The obvious quick-win strategy is to perform simple block loads and stores (which we surmise are the majority) using double words wherever possible. We are working on an implementation of this.
No changes to report since last week.
length | s time | v1 time | v8 time | s Micount | v1 Micount | v8 Micount | s ns/inst | v1 ns/inst | v8 ns/inst |
---|---|---|---|---|---|---|---|---|---|
1 | 0.16 | 0.14 | 0.12 | 73 | 19 | 19 | 2.19 | 7.37 | 6.32 |
2 | 0.22 | 0.12 | 0.14 | 89 | 19 | 19 | 2.47 | 6.32 | 7.37 |
4 | 0.24 | 0.20 | 0.17 | 121 | 19 | 19 | 1.98 | 10.53 | 8.95 |
8 | 0.23 | 0.29 | 0.27 | 95 | 19 | 19 | 2.42 | 15.26 | 14.21 |
16 | 0.23 | 0.44 | 0.44 | 111 | 19 | 19 | 2.07 | 23.16 | 23.16 |
32 | 0.28 | 0.86 | 0.81 | 143 | 26 | 19 | 1.96 | 33.08 | 42.63 |
64 | 0.43 | 1.74 | 1.45 | 207 | 40 | 19 | 2.08 | 43.50 | 76.32 |
128 | 0.57 | 3.34 | 2.85 | 293 | 68 | 19 | 1.95 | 49.12 | 150.00 |
256 | 0.89 | 6.62 | 5.67 | 451 | 124 | 26 | 1.97 | 53.39 | 218.08 |
512 | 1.52 | 13.28 | 11.27 | 767 | 236 | 40 | 1.98 | 56.27 | 281.75 |
1,024 | 2.83 | 26.28 | 22.45 | 1,448 | 460 | 68 | 1.95 | 57.13 | 330.15 |
2,048 | 5.49 | 52.41 | 44.85 | 2,810 | 908 | 124 | 1.95 | 57.72 | 361.69 |
4,096 | 10.72 | 105.43 | 89.67 | 5,534 | 1,804 | 236 | 1.94 | 58.44 | 379.96 |
8,192 | 21.21 | 210.61 | 179.43 | 10,933 | 3,596 | 460 | 1.94 | 58.57 | 390.07 |
16,384 | 42.54 | 421.70 | 359.58 | 21,731 | 7,180 | 908 | 1.96 | 58.73 | 396.01 |
No changes since last week.
These results are in ns/instruction.
length | LMUL | VLEN=128 | VLEN=256 | VLEN=512 | VLEN=1024 |
---|---|---|---|---|---|
1 | 1 | 21.13 | 21.15 | 21.13 | 21.14 |
2 | 1 | 33.44 | 33.48 | 33.50 | 33.52 |
4 | 1 | 62.16 | 62.16 | 62.09 | 62.12 |
8 | 1 | 108.88 | 108.88 | 108.94 | 109.06 |
16 | 1 | 209.88 | 210.12 | 209.75 | 209.75 |
32 | 1 | 210.50 | 396.50 | 396.75 | 397.25 |
64 | 1 | 209.00 | 396.50 | 772.00 | 771.50 |
128 | 1 | 207.00 | 397.00 | 771.00 | 1524.00 |
256 | 1 | 212.00 | 399.00 | 772.00 | 1523.00 |
512 | 1 | 210.00 | 398.00 | 771.00 | 1521.00 |
1,024 | 1 | 213.00 | 398.00 | 773.00 | 1521.00 |
2,048 | 1 | 207.00 | 395.00 | 773.00 | 1519.00 |
4,096 | 1 | 210.00 | 395.00 | 771.00 | 1522.00 |
8,192 | 1 | 208.00 | 401.00 | 768.00 | 1521.00 |
You can find the baseline execution time and instruction count of the SPEC CPU 2017 benchmarks here
2024-05-22
- Jeremy to run baseiline results for the other flavours of the vle*.v/vse*.v instructions
- COMPLETE (see details above)
- Paolo to check the ARM SVE example mentioned int the gitlab issue (see 2024-05-01).

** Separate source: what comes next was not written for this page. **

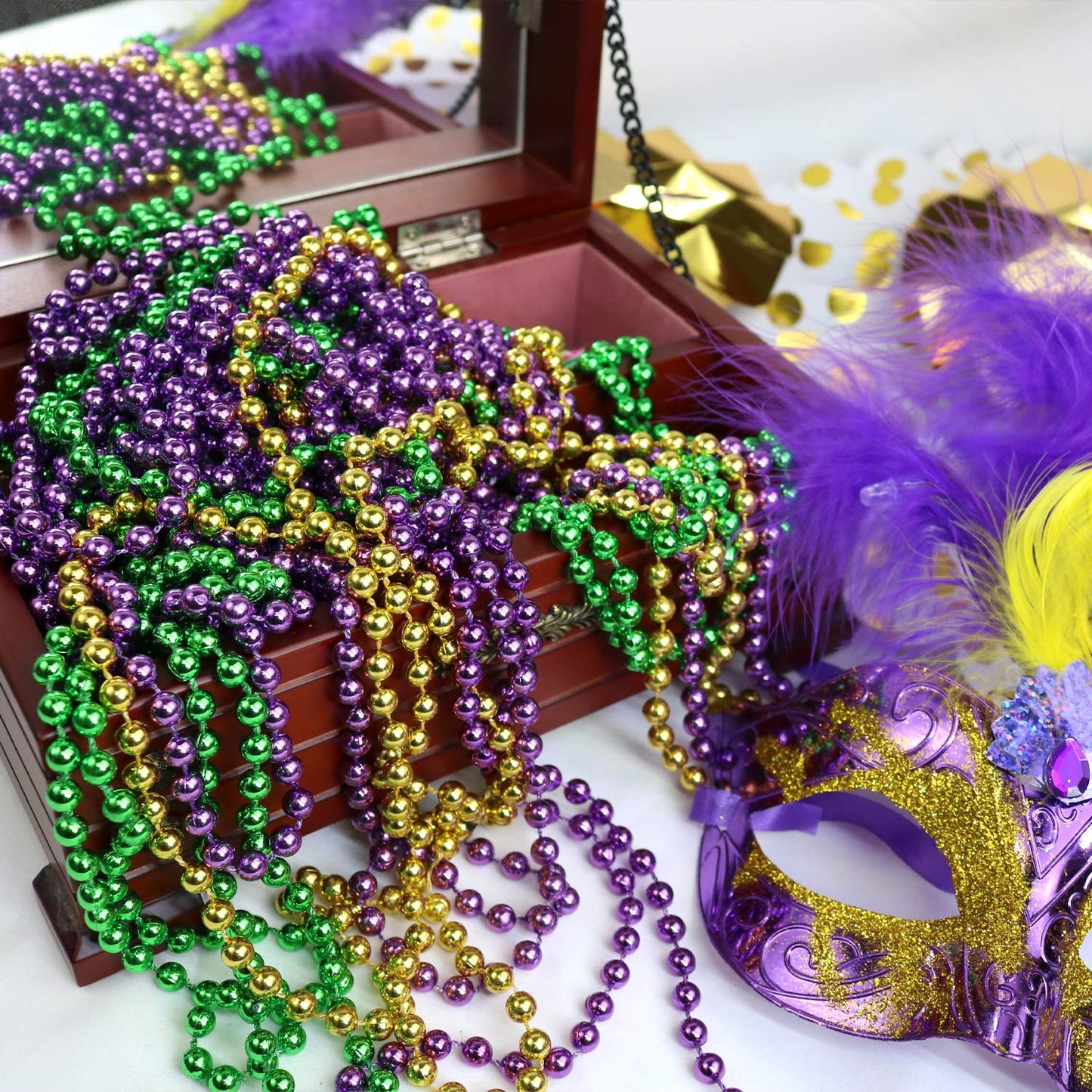 GIFTEXPRESS 12 pcs Mardi Gras Beads, 33'' Multi Colors Necklaces Bundle, Party Costume Necklace Metallic Colors in Gold, Green,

- COMPLETE: good example as soon as we'll need to implement vle8.v with a more direct access to the host.
2024-05-15
- Jeremy to look at impact of masked v unmasked and strided v unstrided on vector operations.
- lower proirity.
2024-05-08
- Jeremy to characterise QEMU floating point performance and file it as a performance regression issue in QEMU GitLab.
- low priority, deferred to prioritize the smoke tests work.
2024-05-01
- Paolo to review the generic issue from Palmer Dabbelt to identify ideas for optimization and benchmarks to reuse.
- IN PROGRESS: Reproduction deferred to prioritize ARM analysis.
- So far we didn't see the execution time difference reported in the issue. Need to check the context.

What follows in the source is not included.